In my experience, it varied greatly from team to team.

nerdponx · on Jan 10, 2022

I had an "implement binary search" interview once. I came away feeling like I was being interviewed for the wrong role. I don't understand how anyone could think that's an appropriate interview task for a DS position.

whimsicalism · on Jan 10, 2022

I'm an MLE and I get asked much harder questions than that. Implement a binary search seems ... fine?

cloverich · on Jan 10, 2022

Implementing anything even a little tricky under pressure can be tough. unless you’ve practiced with bit or pointer twiddling regularly, you are mostly validating whether they did interview prep or not. That probably selects for more serious candidates, so it probably works. But i was tripped up by a simple binary search problem the other day, even after i’d just solved several harder problems quite quickly. It’s just the nature of algorithmic problem solving — until you’ve done a lot of prep, it’s dicey whether a novel problem will take me five minutes or five hours to solve.
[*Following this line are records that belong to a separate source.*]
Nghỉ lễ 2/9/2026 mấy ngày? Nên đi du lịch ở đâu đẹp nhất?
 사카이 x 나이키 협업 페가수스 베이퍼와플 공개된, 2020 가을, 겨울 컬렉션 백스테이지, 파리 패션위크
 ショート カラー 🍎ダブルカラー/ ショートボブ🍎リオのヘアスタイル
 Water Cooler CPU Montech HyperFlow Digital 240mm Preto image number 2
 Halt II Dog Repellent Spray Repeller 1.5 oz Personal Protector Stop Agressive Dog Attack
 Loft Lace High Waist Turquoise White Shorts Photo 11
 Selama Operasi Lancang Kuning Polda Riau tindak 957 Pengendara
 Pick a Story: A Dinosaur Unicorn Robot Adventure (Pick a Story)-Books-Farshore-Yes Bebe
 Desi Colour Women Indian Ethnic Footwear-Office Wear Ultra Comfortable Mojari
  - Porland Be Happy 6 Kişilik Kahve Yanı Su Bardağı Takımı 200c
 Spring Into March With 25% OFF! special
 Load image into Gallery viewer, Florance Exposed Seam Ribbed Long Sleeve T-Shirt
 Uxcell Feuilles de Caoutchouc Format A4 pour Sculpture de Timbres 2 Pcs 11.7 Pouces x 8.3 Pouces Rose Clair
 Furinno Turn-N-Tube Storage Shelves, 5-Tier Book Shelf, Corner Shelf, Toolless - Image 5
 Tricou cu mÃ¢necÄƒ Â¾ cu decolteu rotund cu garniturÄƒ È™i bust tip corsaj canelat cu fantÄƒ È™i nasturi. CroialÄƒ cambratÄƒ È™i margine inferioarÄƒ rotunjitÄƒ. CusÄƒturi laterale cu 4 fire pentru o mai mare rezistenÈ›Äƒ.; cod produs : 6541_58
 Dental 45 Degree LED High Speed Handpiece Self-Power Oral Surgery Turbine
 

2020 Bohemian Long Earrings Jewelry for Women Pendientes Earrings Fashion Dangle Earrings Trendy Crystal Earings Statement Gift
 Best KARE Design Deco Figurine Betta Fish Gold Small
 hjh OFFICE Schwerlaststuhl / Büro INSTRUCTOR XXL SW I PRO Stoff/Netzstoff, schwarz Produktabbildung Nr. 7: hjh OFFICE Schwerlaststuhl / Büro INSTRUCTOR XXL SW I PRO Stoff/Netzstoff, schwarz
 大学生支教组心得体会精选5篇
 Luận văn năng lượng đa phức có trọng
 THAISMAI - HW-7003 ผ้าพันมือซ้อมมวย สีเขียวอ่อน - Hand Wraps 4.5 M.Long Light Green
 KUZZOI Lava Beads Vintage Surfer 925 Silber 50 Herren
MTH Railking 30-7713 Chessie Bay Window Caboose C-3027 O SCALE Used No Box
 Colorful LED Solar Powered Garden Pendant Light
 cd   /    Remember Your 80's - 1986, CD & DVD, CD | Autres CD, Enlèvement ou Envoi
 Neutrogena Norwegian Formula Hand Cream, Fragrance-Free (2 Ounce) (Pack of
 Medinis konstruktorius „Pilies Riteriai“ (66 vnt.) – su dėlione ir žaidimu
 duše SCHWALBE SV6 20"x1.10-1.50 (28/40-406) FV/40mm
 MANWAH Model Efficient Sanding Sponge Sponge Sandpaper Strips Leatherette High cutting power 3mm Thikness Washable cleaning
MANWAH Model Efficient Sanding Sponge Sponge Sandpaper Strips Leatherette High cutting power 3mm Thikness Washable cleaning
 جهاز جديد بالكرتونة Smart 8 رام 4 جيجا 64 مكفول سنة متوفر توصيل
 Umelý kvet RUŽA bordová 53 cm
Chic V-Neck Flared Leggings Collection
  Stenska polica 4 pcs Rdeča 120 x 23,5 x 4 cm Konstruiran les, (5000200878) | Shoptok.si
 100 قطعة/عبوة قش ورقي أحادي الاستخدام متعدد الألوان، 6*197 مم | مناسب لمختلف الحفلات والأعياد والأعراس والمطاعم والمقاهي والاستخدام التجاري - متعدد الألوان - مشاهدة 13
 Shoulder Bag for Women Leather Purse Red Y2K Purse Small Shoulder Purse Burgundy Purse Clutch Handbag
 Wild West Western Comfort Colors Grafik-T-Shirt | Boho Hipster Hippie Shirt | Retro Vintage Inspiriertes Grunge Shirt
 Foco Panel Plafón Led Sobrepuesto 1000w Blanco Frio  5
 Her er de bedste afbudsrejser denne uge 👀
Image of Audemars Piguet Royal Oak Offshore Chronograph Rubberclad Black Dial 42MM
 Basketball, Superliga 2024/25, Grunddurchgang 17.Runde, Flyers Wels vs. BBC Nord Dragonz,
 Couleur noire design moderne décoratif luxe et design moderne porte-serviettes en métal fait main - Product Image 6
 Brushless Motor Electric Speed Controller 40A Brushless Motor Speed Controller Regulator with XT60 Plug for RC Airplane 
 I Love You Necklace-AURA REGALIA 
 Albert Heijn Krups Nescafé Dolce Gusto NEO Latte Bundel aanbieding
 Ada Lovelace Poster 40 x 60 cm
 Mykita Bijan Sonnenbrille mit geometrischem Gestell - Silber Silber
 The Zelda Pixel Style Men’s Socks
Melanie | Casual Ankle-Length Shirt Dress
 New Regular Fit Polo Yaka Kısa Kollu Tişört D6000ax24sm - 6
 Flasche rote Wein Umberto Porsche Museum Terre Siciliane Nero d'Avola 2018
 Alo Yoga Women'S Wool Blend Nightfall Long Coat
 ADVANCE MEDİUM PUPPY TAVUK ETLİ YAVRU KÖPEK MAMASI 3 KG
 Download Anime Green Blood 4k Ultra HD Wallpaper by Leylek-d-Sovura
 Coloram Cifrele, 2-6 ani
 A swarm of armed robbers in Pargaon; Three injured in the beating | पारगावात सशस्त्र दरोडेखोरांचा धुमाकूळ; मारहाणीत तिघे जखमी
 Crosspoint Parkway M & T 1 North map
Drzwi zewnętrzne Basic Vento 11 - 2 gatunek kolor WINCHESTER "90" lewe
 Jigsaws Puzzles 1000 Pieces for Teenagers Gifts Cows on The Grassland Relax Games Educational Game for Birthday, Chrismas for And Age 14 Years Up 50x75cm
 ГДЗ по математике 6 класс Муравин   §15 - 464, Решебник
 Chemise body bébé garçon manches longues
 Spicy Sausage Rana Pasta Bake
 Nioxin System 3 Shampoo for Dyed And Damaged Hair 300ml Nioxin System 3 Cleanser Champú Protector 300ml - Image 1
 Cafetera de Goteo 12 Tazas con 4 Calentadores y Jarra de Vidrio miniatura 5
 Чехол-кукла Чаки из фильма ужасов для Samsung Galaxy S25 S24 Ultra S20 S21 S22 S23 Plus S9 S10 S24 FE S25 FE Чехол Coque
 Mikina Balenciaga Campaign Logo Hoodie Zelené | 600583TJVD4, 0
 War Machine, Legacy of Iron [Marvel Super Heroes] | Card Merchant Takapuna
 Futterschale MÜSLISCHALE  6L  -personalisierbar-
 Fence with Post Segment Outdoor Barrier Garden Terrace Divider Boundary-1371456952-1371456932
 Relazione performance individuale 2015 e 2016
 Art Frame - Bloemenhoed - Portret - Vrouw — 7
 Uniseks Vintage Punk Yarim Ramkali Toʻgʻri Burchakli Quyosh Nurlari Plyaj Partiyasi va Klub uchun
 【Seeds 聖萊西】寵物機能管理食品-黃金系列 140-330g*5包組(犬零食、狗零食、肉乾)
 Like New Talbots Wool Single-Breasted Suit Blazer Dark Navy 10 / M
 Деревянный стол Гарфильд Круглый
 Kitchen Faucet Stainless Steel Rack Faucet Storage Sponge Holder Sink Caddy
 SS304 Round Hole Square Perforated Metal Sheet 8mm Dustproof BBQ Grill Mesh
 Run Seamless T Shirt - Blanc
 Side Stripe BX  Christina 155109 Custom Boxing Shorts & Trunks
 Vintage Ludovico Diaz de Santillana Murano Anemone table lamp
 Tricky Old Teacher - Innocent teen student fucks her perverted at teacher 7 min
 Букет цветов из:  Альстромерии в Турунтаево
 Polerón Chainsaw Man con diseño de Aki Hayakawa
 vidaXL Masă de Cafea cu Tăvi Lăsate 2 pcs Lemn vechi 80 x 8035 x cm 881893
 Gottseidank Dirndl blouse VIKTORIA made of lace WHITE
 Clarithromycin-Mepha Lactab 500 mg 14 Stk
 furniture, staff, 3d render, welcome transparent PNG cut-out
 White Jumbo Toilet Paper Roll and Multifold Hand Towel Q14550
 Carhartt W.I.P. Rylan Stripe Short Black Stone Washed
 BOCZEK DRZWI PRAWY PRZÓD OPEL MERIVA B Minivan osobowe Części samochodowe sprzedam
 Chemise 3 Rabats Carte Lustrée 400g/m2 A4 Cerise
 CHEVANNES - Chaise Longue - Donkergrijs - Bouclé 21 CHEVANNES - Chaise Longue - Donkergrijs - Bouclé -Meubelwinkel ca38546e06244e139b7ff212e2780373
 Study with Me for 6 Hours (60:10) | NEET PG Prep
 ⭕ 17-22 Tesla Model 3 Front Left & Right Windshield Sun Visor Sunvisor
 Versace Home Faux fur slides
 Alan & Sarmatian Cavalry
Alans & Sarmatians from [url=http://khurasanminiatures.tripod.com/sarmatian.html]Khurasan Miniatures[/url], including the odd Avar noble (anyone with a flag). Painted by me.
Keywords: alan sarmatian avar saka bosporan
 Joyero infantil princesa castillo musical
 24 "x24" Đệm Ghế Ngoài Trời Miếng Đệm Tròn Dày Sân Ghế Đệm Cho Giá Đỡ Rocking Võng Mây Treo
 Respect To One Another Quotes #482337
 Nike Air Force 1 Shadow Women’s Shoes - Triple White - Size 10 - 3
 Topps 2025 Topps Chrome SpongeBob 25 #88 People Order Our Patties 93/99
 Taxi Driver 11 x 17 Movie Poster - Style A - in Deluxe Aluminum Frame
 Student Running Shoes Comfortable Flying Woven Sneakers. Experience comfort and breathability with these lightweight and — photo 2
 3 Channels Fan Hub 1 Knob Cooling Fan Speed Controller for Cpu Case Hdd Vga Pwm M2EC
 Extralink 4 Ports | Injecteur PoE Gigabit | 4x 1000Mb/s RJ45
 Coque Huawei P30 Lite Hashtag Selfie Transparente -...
nerdponx · on Jan 10, 2022

But it makes sense for MLE! IMO you should ask a stats or probability question in a DS interview.

jstx1 · on Jan 10, 2022

The distinction between the two roles isn't that clear. Some data science jobs are very focused on engineering.

fault1 · on Jan 10, 2022

Agreed. MLE in very ML-heavy companies tends to mean SWE who work on ML systems, and sometimes, that can mean as much working on stuff like infrastructure as modeling.